Year 1122 (MCXXII) was a common year starting on Sunday of the Julian calendar.

== Events ==

=== By place ===

==== Byzantine Empire ====
- Battle of Beroia: Emperor John II Komnenos transfers the Byzantine field army from Asia Minor (where it has been engaged in fighting the Seljuk Turks) to the Balkans. The Pechenegs who have set up their camp (defended by a circular formation of wagons) near Beroia (modern Bulgaria) are defeated. John orders the Varangian Guard (some 480 men), the elite Palace Guard to hack their way through the Pecheneg circle of wagons, causing a general rout in their camp.

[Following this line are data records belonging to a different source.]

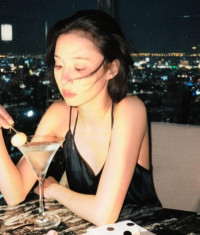 에스파 윈터, 슬립 차림 고혹적 분위기…색다른 느낌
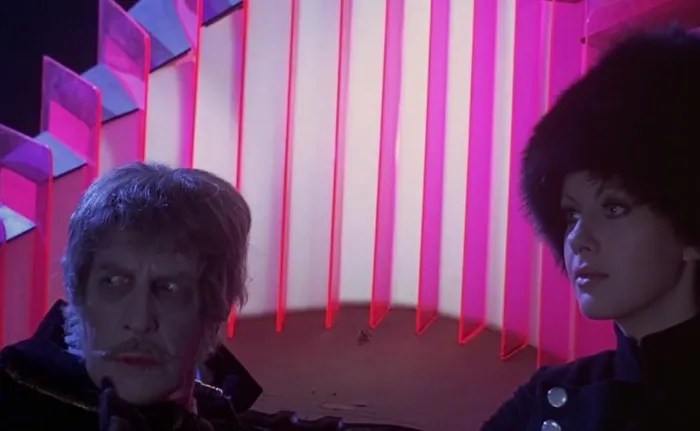 Scena iz filma Dr. Phibes Rises Again(1972) 1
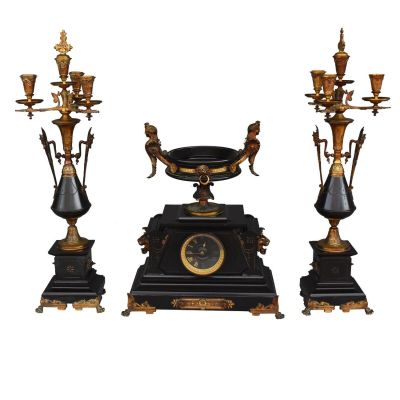 une horloge noire et or posée sur une table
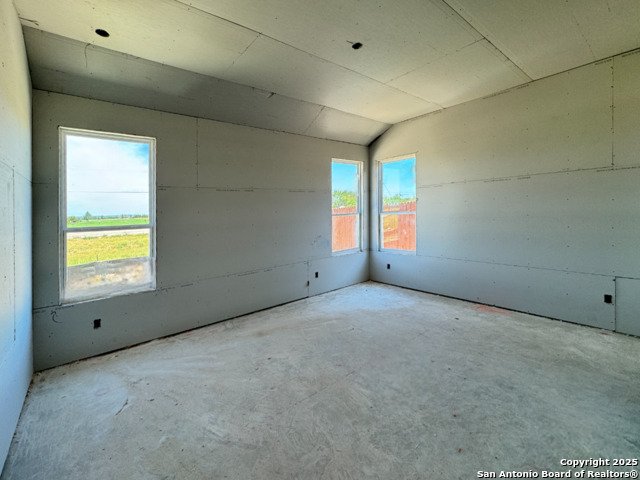 Image 27 of 43 For 178 Annette Drive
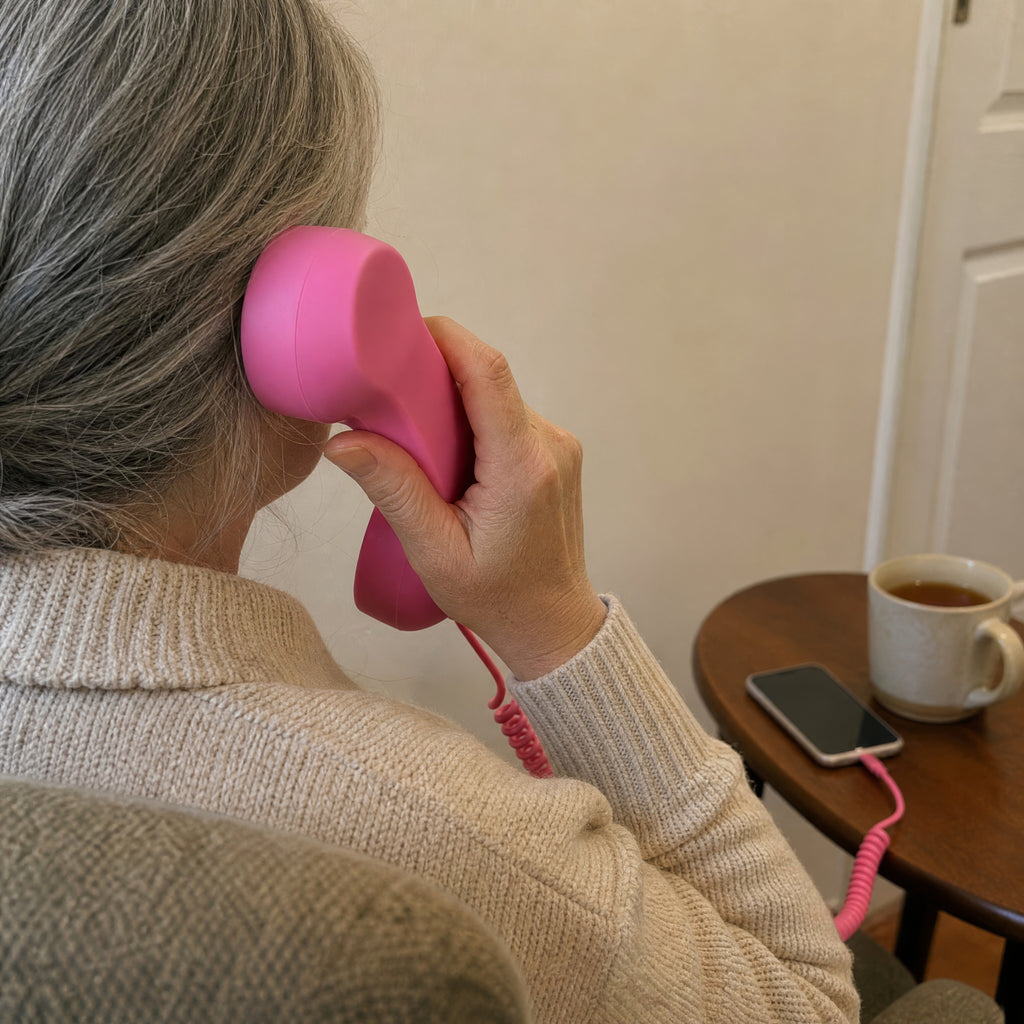 ☎️ Retro telephone handset with USB-C connection 📞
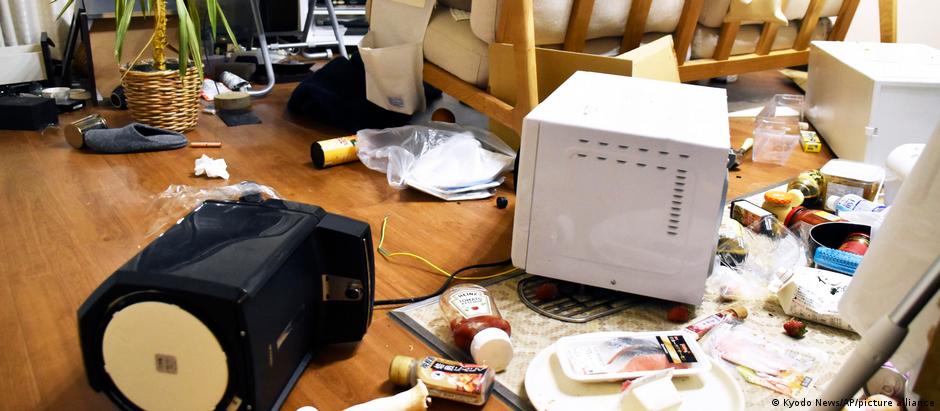 Em apartamento de Fukushima, objetos e eletrodomésticos caíram no chão durante terremoto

Pecheneg survivors are taken captive and enlisted in the Byzantine army.

==== Egypt ====
- February 13 - Al-Ma'mun al-Bata'ihi is formally proclaimed vizier of the Fatimid Caliphate by Caliph al-Amir.

==== Levant ====
- September 13 - Count Joscelin I and Waleran of Le Puiset are taken prisoner by Turkish forces led by Belek Ghazi near Saruj in northern Syria. Belek offers Joscelin liberty in return for the cession of Edessa. He refuses to accept these terms; Joscelin and Waleran and 60 other Crusaders are taken to the castle at Kharput.

==== Europe ====
- August 8 - A Venetian fleet under Doge Domenico Michiel with well over a hundred ships sets sail from Venice, carrying an army of around 15,000 men and siege-material on the Venetian Crusade. The fleet departs for Palestine – but the Venetians pause to attack Corfu (this in retaliation for the refusal of John II to renew exclusive trading privileges). For six months, throughout the winter of 1122–23, the Venetians lay siege to the Byzantine island.
- King Alfonso the Battler of Aragon creates the lay community of knights known as the Confraternity of Belchite. It is the first local attempt to imitate the Order of the Knights Templar created in Palestine.
- The Almoravid fleet attacks Sicily to suppress the Italo-Norman raiders. The same year the Muslim population of Malta rebels against the Normans.

==== Eurasia ====
- Siege of Tbilisi: The Georgians led by King David IV ('the Builder') re-conquer the city of Tbilisi from the Emirate of Tbilisi after a 1-year siege. David makes it his capital and unifies the Georgian State.

=== By topic ===

==== Religion ====
- September 23 - The Concordat of Worms: Emperor Henry V recognizes freedom of election of the clergy and promises to restore all Church property. This brings an end to the power struggle between the papacy and the Holy Roman Empire, known as the Investiture Controversy. In the aftermath, Cappenberg Abbey is founded by Count Gottfried II for the new order of Premonstratensians.
- The construction of the temple complex of Angkor Wat in the Khmer empire starts.

== Births ==
- February 24 - Wanyan Liang, Chinese emperor (d. 1161)
- date unknown
  - Frederick I (Barbarossa), Holy Roman Emperor (d. 1190)
  - Fujiwara no Kiyoko, Japanese empress consort (d. 1182)
  - Ibn Hubal, Arab physician and scientist (approximate date)
  - Isaac ben Abba Mari, French Jewish rabbi (approximate date)
  - Jayavarman VII, Cambodian ruler of the Khmer Empire (d. 1218))

== Deaths ==
- January 18 - Christina Ingesdotter, Kievan princess
- March 12 - Giso IV, count of Gudensberg (b. 1070)
- August 9 - Cuno of Praeneste, German cardinal
- September 9 - Al-Hariri of Basra, Abbasid poet (b. 1054)
- September 16 - Vitalis of Savigny, Catholic French Saint and itinerant preacher (b. 1060)
- October 20 - Ralph d'Escures, English archbishop
- November 8 - Ilghazi, Artuqid ruler of Mardin
- November 28 - Ottokar II, margrave of Styria
- December 3 - Berthold III, duke of Zähringen
- December 4 - Henry III, duke of Carinthia
- date unknown
  - Al-Baghawi, Persian hadith scholar and writer
  - Alberada of Buonalbergo, duchess of Apulia
  - John of Tours, Bishop of Wells
  - Sybilla of Normandy, queen of Scotland
  - Yejong, Korean ruler of Goryeo (b. 1079)
  - Wang Cha-ji, Korean general (b. 1066)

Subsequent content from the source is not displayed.